Although the report praises efforts on the exchange of information and the establishment of standards, it says these are no substitute either for the multilateral action needed to curtail tax evasion, or for supporting Africa to strengthen tax administration systems.
"The focus has been on wide-ranging dialogue, in which Africa is a small part, and on information-sharing, but it has been devoid of substance," said Kevin Watkins, the report's lead author and incoming director of the Overseas Development Institute. "Africa is haemorrhaging resources, but has no capacity to tackle the problem. It is bad for Africa, it is bad for the OECD and we are trying to get across the message that Africa should be put at the heart of the partnerships."
While calling on the OECD countries, including the UK, the US and Switzerland – the world's leading commodity trading hub – to strengthen disclosure standards, the Africa Progress Panel said African leaders also face critical choices.
"They can either invest their natural resource revenue in people to generate jobs and opportunities for millions in present and future generations," said the panel. "Or they can squander this opportunity, allowing jobless growth and inequality to take root."
As an example of Africa losing out, the report cites five mining deals between 2010 and 2012 that cost the Democratic Republic of the Congo more than $1.3bn (almost £1bn) in revenues through the undervaluation of assets and sale to foreign investors.
Under the deals, DRC sold copper and cobalt assets to offshore companies linked to an offshore-registered holding company called Fleurette. Glencore and the Eurasian Natural Resources Corporation – both listed on the London Stock Exchange – subsequently bought assets acquired by the offshore concession holders.
According to the report, assets valued at $1.63bn were sold to offshore companies for $275m. The offshore companies reaped high profits from the sale of concession rights – the average rate of return across the five deals was 512%, rising to 980% in one.
The sum represents twice the annual health and education budgets of a country with one of the worst child mortality rates and 7 million children out of school, said the report.
The panel was concerned by the lack of transparency in African state companies, particularly in Angola and Equatorial Guinea, which have experienced high rates of growth but where poverty remains rampant. In Angola's case, oil revenues have generated $3bn-6bn a year in government revenues, yet the country's under-five mortality rate is the eighth highest in the world – 161 per 1,000 live births.
"Angola is one of the world's fastest-growing countries," said Watkins. "It has vast resources that are potentially transformative: it could build an entire electricity grid or finance a full-scale health and sanitation system; instead the oil revenue is going into a property boom in Luanda."
According to International Monetary Fund, billions have gone missing from Sonangol, the state energy company. $4.3bn was still unaccounted for last year. Angola provides a stark example of how a resource boom has benefitted a privileged few.

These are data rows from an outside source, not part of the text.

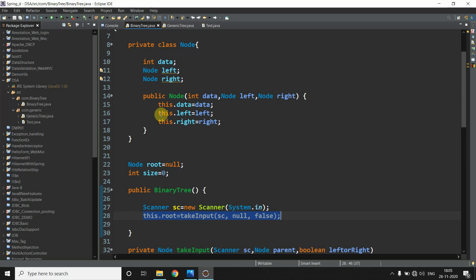This is a straightforward code for constructing a binary tree — that's all for this video. In the next video we will construct the test class and display all the nodes we constructed. See you in the next video, bye!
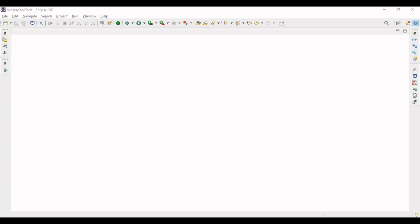Hello everyone, hope that you are doing good. Today we learn how to run our Spring Boot application on different databases. We'll be running our same Spring Boot application without changing any Java code, and we will be switching between three different databases.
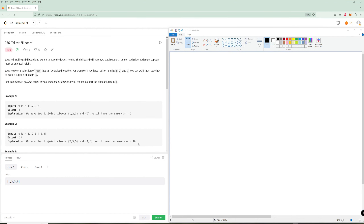Hello and welcome to another LeetCode video. Today we're going to be doing the problem of the day for June 24th, Tallest Billboard. It's kind of similar to another problem of the day we did - I think it was yesterday - where a bottom-up DP is actually going to be simpler to explain. And instead of a DP array, we're going to use a DP object, or like a DP dictionary.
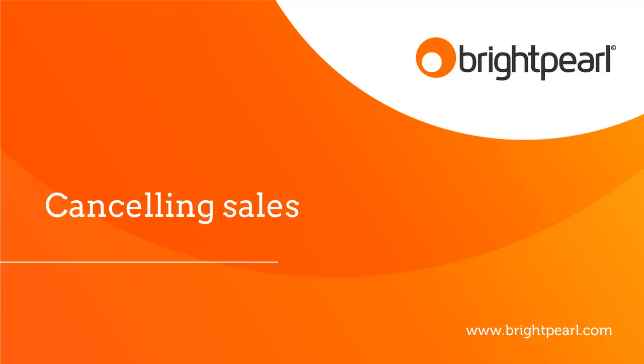So a customer decides that they don't want to go ahead with an order, or else perhaps you've made a mistake. What do we do? This video shows you everything you need to know about cancelling sales.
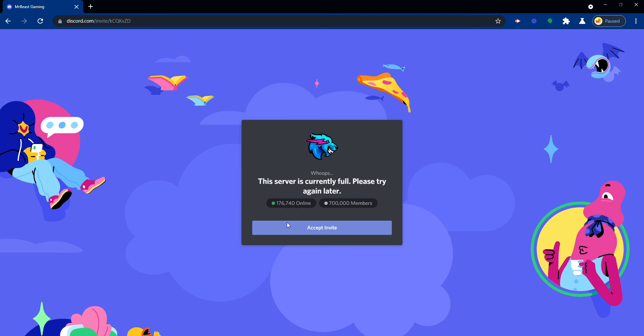And yeah, you guys can see the server is currently full, but maybe like check back in like a couple of days because that's what I did. But yeah, that's how you join it.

"In many African countries, natural resource revenues are widening the gap between rich and poor. Although much has been achieved, a decade of highly impressive growth has not brought comparable improvements in health, education and nutrition," said the report.

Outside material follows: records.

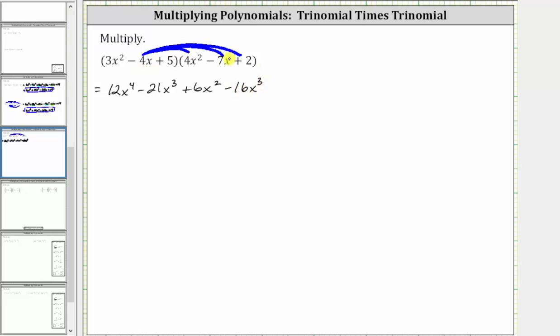Then we have negative four x times negative seven x, which is positive 28 x squared, giving us plus 28 x squared.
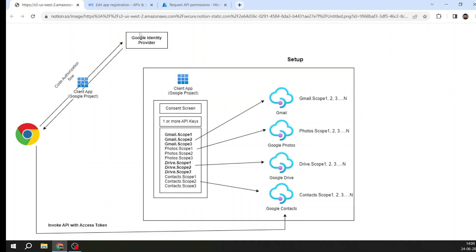Now you have got an access token. You are very close to accessing the API. Now all you need to do is know what API endpoint you need to hit. For example, if I want to get my mail, there would be an endpoint that you have to check on the documentation. You have to hit the API endpoint with your bearer token - the access token that you have received.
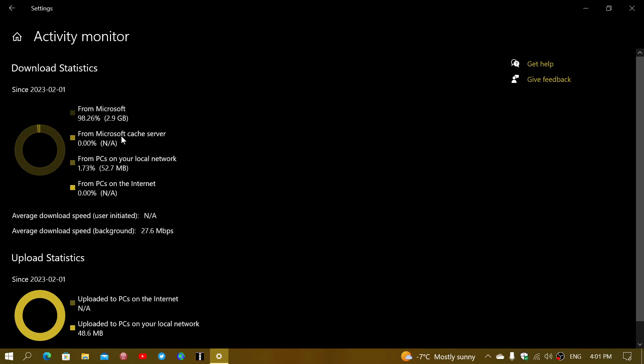Then you'll have from the Microsoft cache server, zero, or it says not available in this case. From PCs on my local network, I had 52 megabytes, 1.73%. What's that? That's because I have more than one computer with Windows 10 on my home network.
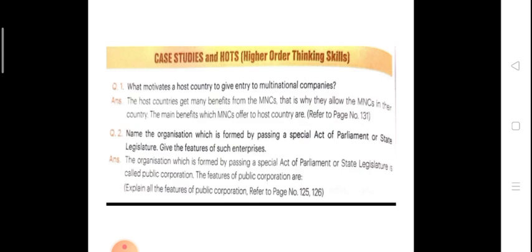Now, chapter number three case study. We will continue in this video. Question number one is: what motivates a host country to give entry to multinational companies? The host country gets many benefits from MNCs. The main benefits are foreign exchange, new technology, new techniques of management, competitive spirit and competition in the market. These are many things which are very profitable for our country.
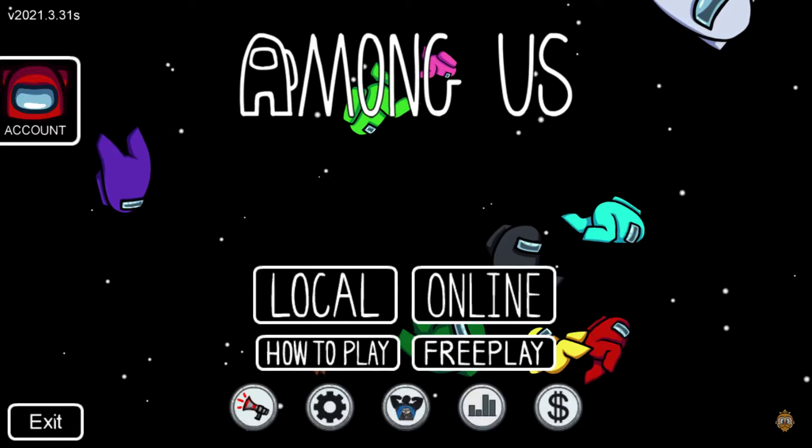Remember that when you log out of Among Us on one device, all you have to do is log in again on the next one you want to play on. This with the account that you have linked from the beginning, where you will have all the progress that you have saved in the title so far.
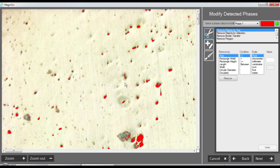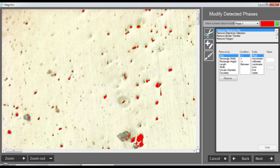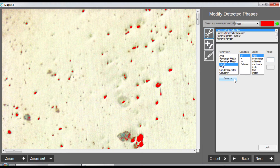These are the particles, but there are also objects that are only a few pixels in diameter that we don't want. The first filtering we do is remove objects by size - we go to modify detected phases. In this case I say objects below one pixel in length can be removed, and a bunch of particles are being removed.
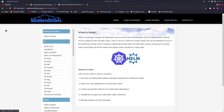Hello guys and welcome to Salesforce Tellers. In this video we will learn about Helm and what Helm is. Before proceeding, if you have not watched the Kubernetes video series, please pause this video and refer to that series first, because without basic knowledge on Kubernetes you won't be able to understand Helm.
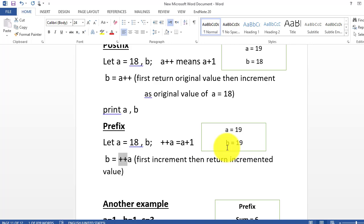In prefix, you first increment and then both the incremented value will be returned into the other variable. Whereas in postfix, the original value of the given variable will be returned. So now I am taking another example through a sum.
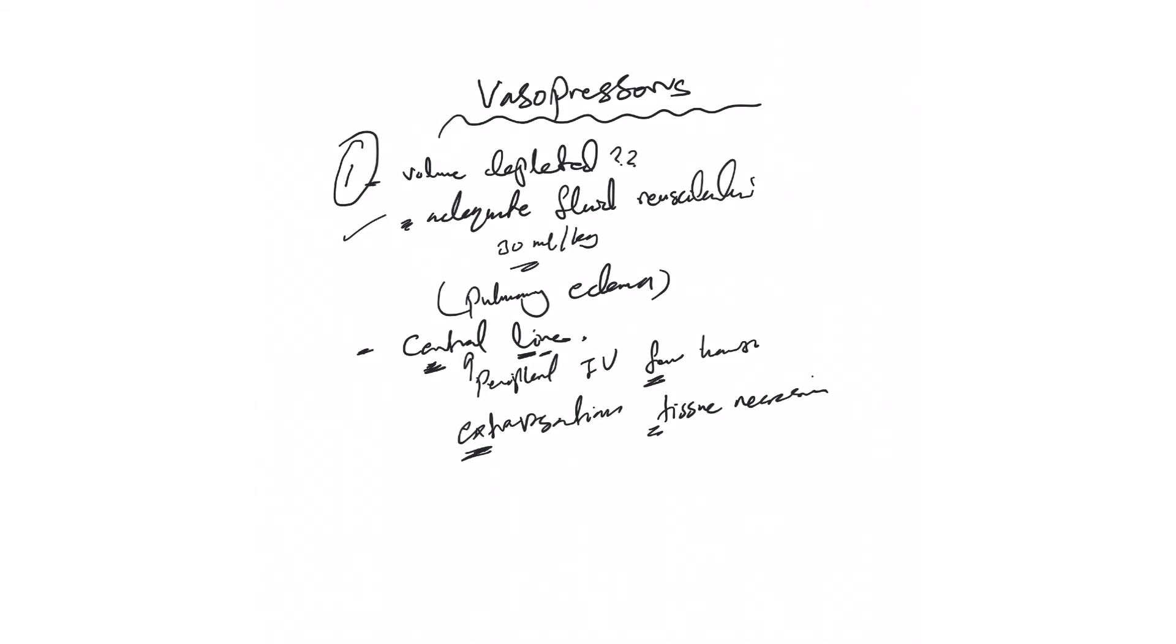If this happens, immediately stop the vasopressor and you can give a medication called phentolamine. You can give it 5 to 10 milligrams in 10 ml of normal saline and inject it subcutaneously into that tissue to minimize the vasoconstriction. But remember to take out that peripheral IV and stop the medications.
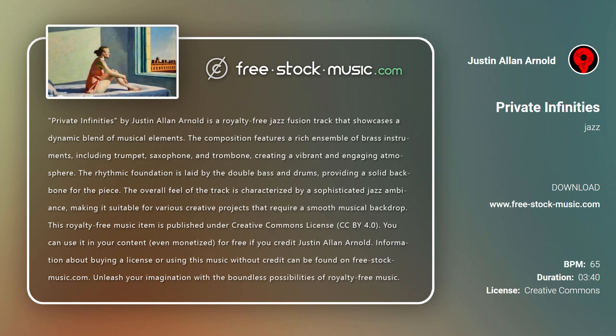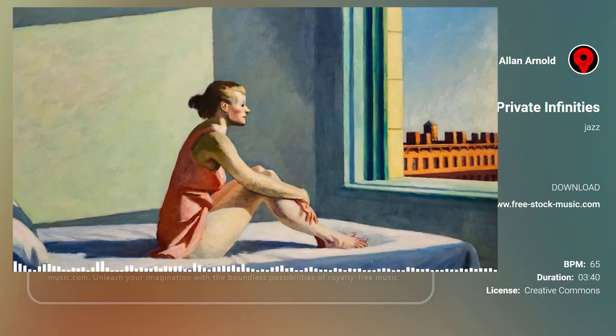Information about buying a license or using this music without credit can be found on free-stock-music.com. Unleash your imagination with the boundless possibilities of royalty-free music.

It called on African governments to improve governance and strengthen national capacity to manage extractive industries as part of a broader economic and development strategy, and to put transparency and accountability at the heart of natural resource policies.

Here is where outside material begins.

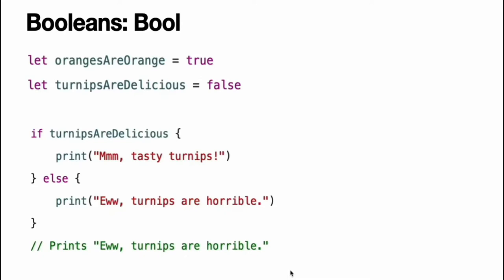Booleans. Swift has a basic Boolean type called bool. Boolean values are referred to as logical because they can only ever be true or false. Swift provides two constant Boolean values, true and false.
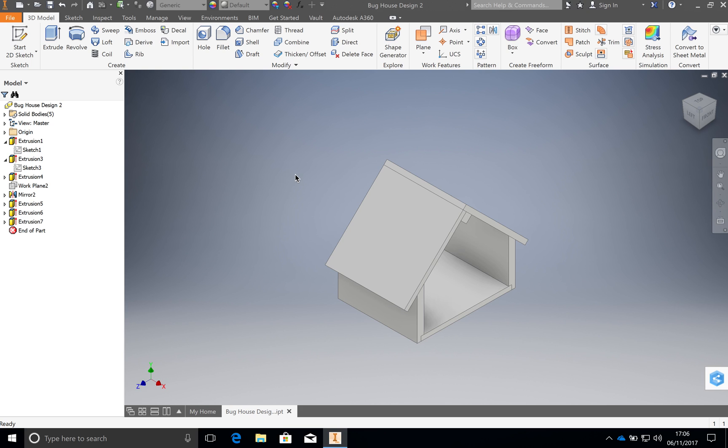Okay, so you are going to learn how to make your bug house in Autodesk Inventor. It is a program called Autodesk Inventor. The first thing that you need to do is to create a new file.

As for rich countries, the report said they should build on the US Dodd-Frank Act – requiring full disclosure of payments by resource extraction companies to foreign governments – and comparable EU legislation to develop a global standard for transparency and disclosure. They should also develop a credible and effective multilateral response to tax evasion and avoidance, and tackle money laundering and anonymous shell companies.
"Tax avoidance and evasion are global issues that affect us all. The impact for G8 governments is a loss of revenue. But in Africa, it has direct impact on the lives of mothers and children," said Kofi Annan, former UN secretary general and chair of the Africa Progress Panel.
The UK has been criticised for not doing enough on its own tax havens. "Whilst the government talks of 'tough negotiations' with the Liechtensteins of the world, it has power, through the crown, to stop some of the most egregious havens and yet is holding back," argued Ben Phillips on the Global Dashboard blog.
"If UK tax havens fail to adequately tackle the secrecy and other practices that facilitate tax dodging, it is ultimately because the UK allows it."